Lo que hay que recalcar es que el free-rider no es más que un caso particular de la figura del comportamiento racional del ser humano que, en pleno uso de su función empresarial, tiende a reducir costes y a maximizar beneficios, siempre subjetivamente considerados. Apoyándose en la existencia de free-riders, los defensores de las agencias tributarias argumentan que existe una solución a través de la contribución obligatoria a los gastos de la fiesta. Se dice que, así, cada uno aceptará el tributo siempre que todos los demás también lo soporten. Pero, ¿se acabó el problema del gorrón?
No, sin duda. Seguimos teniendo una propensión natural a desear beneficios con los menores costes posibles. En el nuevo estado de cosas en que todos contribuyen, tendemos a conservar nuestra innata alma de free-riders, pero con consecuencias aún más negativas para la mayoría. Ahora los free-riders son aquellos que creen o que saben objetivamente que hay otros individuos que aportan más que ellos recibiendo su misma porción de fiesta. Tales gorrones desean que las cosas sigan igual. Los que, por el contrario, piensan o saben que contribuyen más quieren cambiar las cosas habida cuenta, y esto es muy importante, de que no pueden escaparse de contribuir a causa de la coacción que sufren y de la legitimación ideológica que difunde la bondad absoluta de los impuestos. La simple existencia de la coacción para que todos contribuyan desencadena un sinfín de efectos aún más perversos que los de la fiesta pagada por pocos y disfrutada por muchos. Por ello, la confiscación impositiva, lejos de arreglar el problema de los free-riders, lo agrava. Y esto se produce sea cual sea el ámbito territorial que abarque la sociedad de festejos con capacidad confiscatoria.
La tendencia humana a que la diferencia entre costes sufridos y beneficios percibidos sea lo mayor posible, lleva el espíritu del gorrón adonde sólo puede darse, ante situaciones en que no se quiere (o no se puede) excluir su presencia por razones de bien público bendecido ideológicamente (la educación, la cultura, la limpieza urbana, el medio ambiente, etc.). Lo que se propicia con la «solución tributaria» es que haya una imparable presión sobre el gasto público (que la fiesta sea mayor y mejor) y una no menos inexorable carrera de los grupos organizados por hacer recaer sobre la mayoría de los individuos la mayoría de los costes. Con todo ello, se exigirán más y más gastos para la fiesta del barrio sin que cada individuo admita su responsabilidad en sufragar su parte.
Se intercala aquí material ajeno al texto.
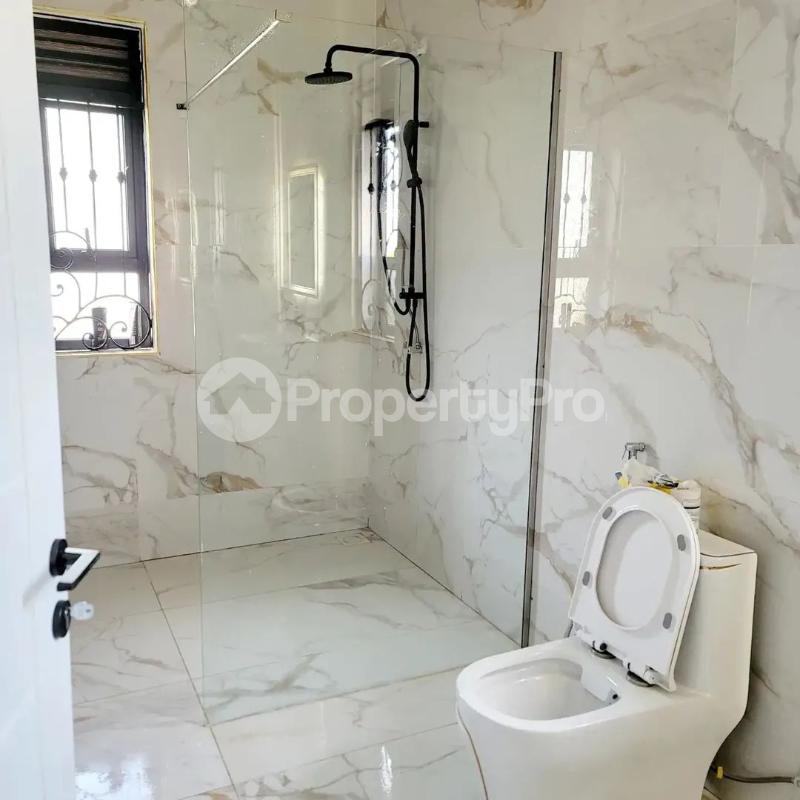 5 bedroom Villa for sale Kitende kaga Entebbe road  Kampala Central Kampala Central - 10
Eso es lo que ocurre en los estados modernos, grandes y pequeños: cada ciudadano exige gastos elevados y mínimos impuestos para sí mismo, sin querer percibir la necesidad de corresponder unos con los otros. Consecuentemente, los políticos buscan modos de satisfacer esas demandas, bien camuflando impuestos hasta donde se pueda, bien endeudándose, inflando el crédito, atendiendo a determinados grupos de presión, alentando la gorronería de determinados sectores, o mediante una combinación variable de todo ello.
Atajar esta vía perversa de solución del problema del free-rider exige una definición estricta de los derechos de propiedad de manera generalizada. Y esto sólo puede lograrse desacreditando intensamente la ideología de «lo público» y constriñendo lo más posible la existencia de esos bienes públicos. Se precisa, pues, difundir la idea de que los beneficios de los servicios han de ser para quienes los pagan voluntariamente aunque antes hubiera que, de manera transitoria, establecer que sólo recibieran beneficios quienes los hayan de pagar obligatoriamente.
En términos generales se hace imprescindible intensificar la vía de ataque a los servicios públicos en la línea de internalizar los beneficios, de privatizarlos y desregularlos. Cualquier otra propuesta de fraccionamiento formal de los poderes públicos es estéril.